[Data supplied]

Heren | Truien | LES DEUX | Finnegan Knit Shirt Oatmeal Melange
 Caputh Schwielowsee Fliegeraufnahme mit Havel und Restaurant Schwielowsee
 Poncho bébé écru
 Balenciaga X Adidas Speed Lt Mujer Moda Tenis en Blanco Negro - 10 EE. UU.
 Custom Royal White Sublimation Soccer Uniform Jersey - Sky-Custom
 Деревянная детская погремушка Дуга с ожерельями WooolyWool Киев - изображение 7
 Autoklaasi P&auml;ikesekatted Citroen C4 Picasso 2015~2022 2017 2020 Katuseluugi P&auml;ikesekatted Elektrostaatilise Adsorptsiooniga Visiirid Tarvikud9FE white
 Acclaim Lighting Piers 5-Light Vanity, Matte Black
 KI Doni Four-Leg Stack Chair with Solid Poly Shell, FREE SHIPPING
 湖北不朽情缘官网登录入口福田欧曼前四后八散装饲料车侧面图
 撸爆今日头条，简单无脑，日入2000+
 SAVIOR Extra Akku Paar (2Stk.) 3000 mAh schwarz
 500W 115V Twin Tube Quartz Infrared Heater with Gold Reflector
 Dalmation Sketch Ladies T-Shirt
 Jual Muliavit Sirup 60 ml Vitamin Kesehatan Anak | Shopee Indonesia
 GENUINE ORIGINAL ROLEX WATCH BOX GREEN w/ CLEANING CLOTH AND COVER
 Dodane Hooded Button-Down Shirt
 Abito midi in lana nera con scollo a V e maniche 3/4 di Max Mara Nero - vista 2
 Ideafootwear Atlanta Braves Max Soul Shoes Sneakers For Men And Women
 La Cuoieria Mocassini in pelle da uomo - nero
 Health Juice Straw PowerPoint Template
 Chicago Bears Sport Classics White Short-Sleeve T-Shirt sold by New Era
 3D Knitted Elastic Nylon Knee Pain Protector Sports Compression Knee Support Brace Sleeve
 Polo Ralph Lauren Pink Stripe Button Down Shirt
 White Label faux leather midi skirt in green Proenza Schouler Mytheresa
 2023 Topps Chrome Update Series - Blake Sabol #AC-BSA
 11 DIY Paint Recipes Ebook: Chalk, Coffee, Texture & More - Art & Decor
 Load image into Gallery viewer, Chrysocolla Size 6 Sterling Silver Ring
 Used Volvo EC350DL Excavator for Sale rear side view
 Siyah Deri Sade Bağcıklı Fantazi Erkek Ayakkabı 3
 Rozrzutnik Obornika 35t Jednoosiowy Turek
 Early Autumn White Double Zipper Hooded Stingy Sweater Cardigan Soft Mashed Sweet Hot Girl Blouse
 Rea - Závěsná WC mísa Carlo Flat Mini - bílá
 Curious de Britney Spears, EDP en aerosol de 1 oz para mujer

[/Data supplied]

◆ Activity ◆
Your task is to write out, exactly, the line that contains "Chicago Bears Sport" and each line after it to the end of the data, with no other lines.

◆ Reply ◆
 Chicago Bears Sport Classics White Short-Sleeve T-Shirt sold by New Era
 3D Knitted Elastic Nylon Knee Pain Protector Sports Compression Knee Support Brace Sleeve
 Polo Ralph Lauren Pink Stripe Button Down Shirt
 White Label faux leather midi skirt in green Proenza Schouler Mytheresa
 2023 Topps Chrome Update Series - Blake Sabol #AC-BSA
 11 DIY Paint Recipes Ebook: Chalk, Coffee, Texture & More - Art & Decor
 Load image into Gallery viewer, Chrysocolla Size 6 Sterling Silver Ring
 Used Volvo EC350DL Excavator for Sale rear side view
 Siyah Deri Sade Bağcıklı Fantazi Erkek Ayakkabı 3
 Rozrzutnik Obornika 35t Jednoosiowy Turek
 Early Autumn White Double Zipper Hooded Stingy Sweater Cardigan Soft Mashed Sweet Hot Girl Blouse
 Rea - Závěsná WC mísa Carlo Flat Mini - bílá
 Curious de Britney Spears, EDP en aerosol de 1 oz para mujer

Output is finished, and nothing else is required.